Suresh Chandrasekaran said...

Looks like a wonderful place for a visit TF! I sure hope that this post of yours does not flood the place with Indians :)

The Fool said...

Ha Ha, Suresh. That would indeed be a pity.

Saket said...

Greece in 99 Euros! You turned me greek(n) with envy!

Real life experience is toughter to write about that a fiction since you don't have the liberty of imagining things there. But you made it interesting with your food adventures!

iwrotethose.com said...

Brilliant piece, TheFool. I've always wanted to go to GReece . Oh, and the souvlaki odyssey...it's happened to me, even in a greek restaurant in london ! Good luck for the contest buddy. Great post this :)

The Fool said...

Thanks a lot, Saket. Glad you liked my real life experience. I have wanted to write this for a long time but took me lot of time to figure out how to put it across in an interesting way.

The Fool said...

Thanks Sid. Interesting to know I am not the only one who has had this kind of misadventure with Souvlaki.

Anita said...

Greece is an interesting place to visit. nice to read your post. Will watch out for the food thanks to your advance warning!
Best wishes! :)

The Fool said...

Thanks Anita.

prettypinkpebbles said...

Interesting post. I like the way you’ve weaved in the benefits of sky scanner. Greece is on my list of must travels too. Its beautiful! with all those stark blues against whites.

Kokila Gupta said...

Say Greece white against blue comes to mind.The way you wrote about masala Dosa and onion Kulcha tells the Indian way of doing things which we take for granted as its in our blood.Same feeling I got when a foriegner describes an Indian character brushing teeth by finger or drinking water with hands in some book.... II was suddenly reminded of how I take such things as life.
I liked that chicken/pork 'trifle' the most. All the best for the contest.

Rachna said...

Good luck, TF! Greece has always fascinated.

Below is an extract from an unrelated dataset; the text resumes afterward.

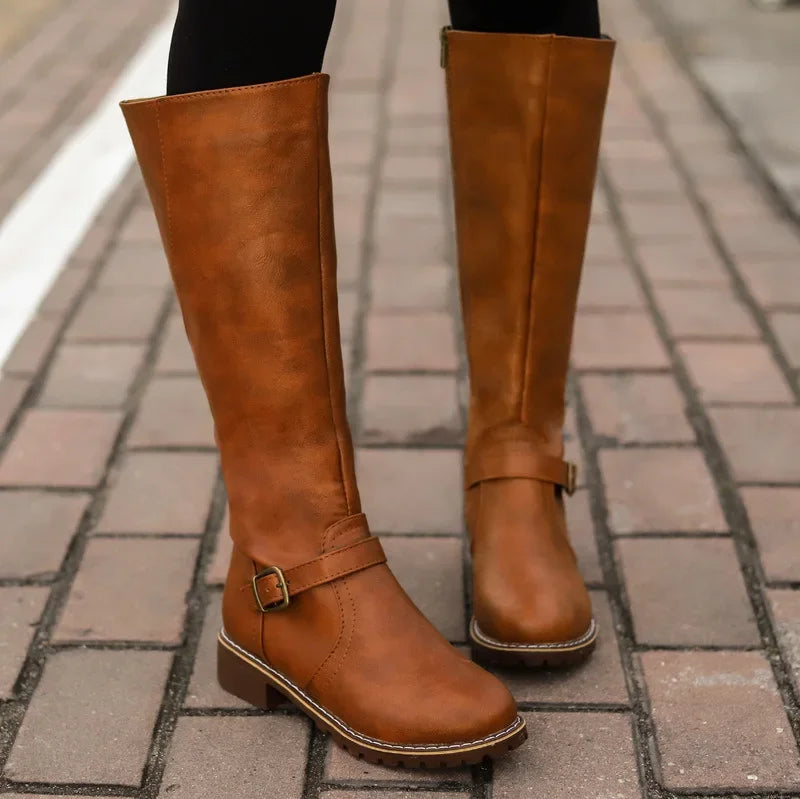 Modische Bikerstiefel Damen - Edles Design Mit Dicken Absatz - IdealeKleiden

Apparently, you can find good deals now with their economy in a shambles.

umashankar said...

It began like quintessential a Greek Tragedy that ended happily. As usual, I love your contest posts. All the best!

The Fool said...

Thanks a lot, Ana.

The Fool said...

Thanks Kokila. The cultural differences are interesting.

The Fool said...

Thanks Rachna. Yeah - should be cheaper now. Only expensive part is going to be the flight from India to Europe.

The Fool said...

Thanks umashankar. Yeah it did turn out wonderful eventually.

Afshan Shaik said...

Going to place so quiet is my dream too and ya all the natives and less of Indians will for sure be gooood ! :)
Loved this real life anecdote. Could visualize it all including the Mediterranean...

The Fool said...

Thanks Afshan - That is a luxury we find in a very few places.

Rajlakshmi said...

hahaha I am still laughing at your souvlaki fiasco. 3 days and no Indian!!! haiiii how could that ever happen... the place sounds exotic :)

The Fool said...

Thanks for reading Rajlakshmi. The place is indeed worth a visit.